Saturday 22 December 2007

Of highs and lows

If ever I've hit a low as an amateur musician, this is it.

Two vastly contrasting evenings. The christmas party was absolutely crazy! I've not had so much fun in such a long time. It was just pure entertainment, so much so that I felt like I had to be the dancing queen's king. Good food, great company, lots of booze, fun and games, a super DJ, all of which added up to be the best retro party I have been to. When the fun and games were over, most had left, the good food had been cleared, the super DJ decided to belt out some slow tunes to which the great company decided at 3 am that they should add their vocal talents in unison as there was still lots of booze left. By 4am the waiters had had enough, and had surrounded us, albeit subtlely (or not so subtlely, as we noticed), as if to say 'enough!'. We didn't sound all that bad though.

When I got home at 4:30am, with 6 bottles of left over booze, I was indeed a happy man. Until I realised I have to be up by 7.

At 7:30am the day from hell began, where the night from heaven had ended.

By 9 am was at the studio, where the album is in it's last stage of production. By 11 am I was falling asleep, and my attention span was as short as Jehan Mubarak's longest innings. I was craving for some sleep. But it was not to be. I ran home at 2pm, ate, showered, ran out again carrying a 40kg amplifier, my guitar and a man bag of necessities for the gig. We had another drummer playing with us tonight as Jim is out of the country, so I had to run to his house and make sure he was tight with the songs. By 4pm that was all sorted. Got to Rockapoluza 2 as fast as we could. It seemed nice and chilled out. But my confidence was lagging. We hadn't practiced as a band in a while; the bassist hadn't even met drummer-for-the-night properly. To cut a long and horrible story short, when we came up to play we fucked up. It made us sound below amateurish and there's no one else to blame but ourselves. This was the perfect opportunity to dish out some of our music to an audience who had never heard us before.
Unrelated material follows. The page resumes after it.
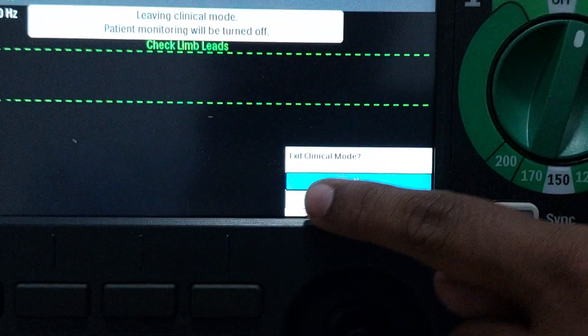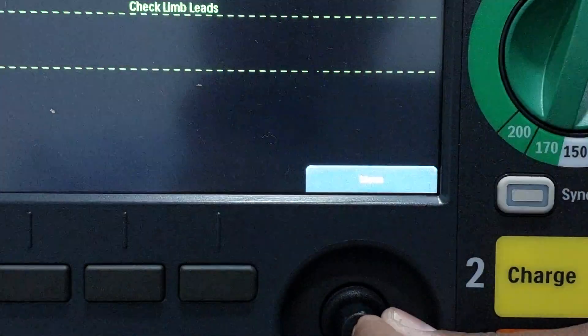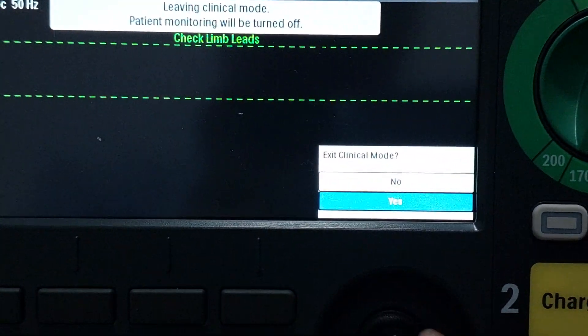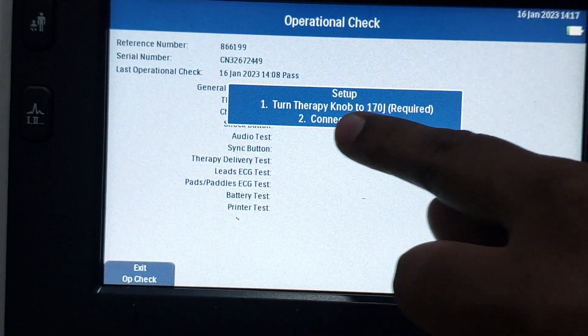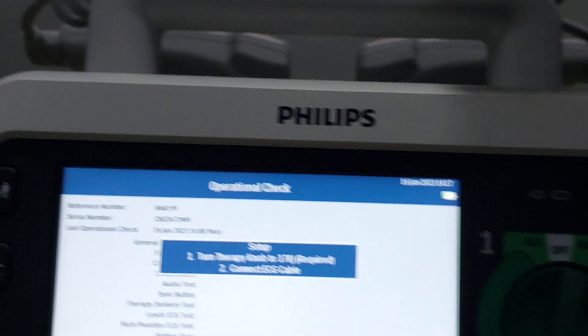Now read the instructions on screen. It will say 'Exit Clinical Mode' — select Yes. Now you have to read and follow the instructions displayed. It will say: 'Setup therapy knob to 170' — just set it to 170. Read each instruction and perform accordingly.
Our song selection was poor, our co-ordination was shit, and we went right after Powercut Circus, probably one of the top 3 alternative bands in town. We really missed Jim this eve. He definitely brings out the best in us, and is the key ingredient to how tight we are as a band.

I had a bad day as a guitarist. I kept missing my notes, and my guitar tone was rubbish. Live and learn they say. One thing's for sure; the bitter lesson is that you should never take any gig too lightly. I swear to you now, I will never play another gig without adequate prep. There's too much embarrassment and humiliation involved in fucking up live.

1 musings:

Rhythmic Diaspora said...

A valuable and painful lesson.

Remember Confab, drummers are very, very important.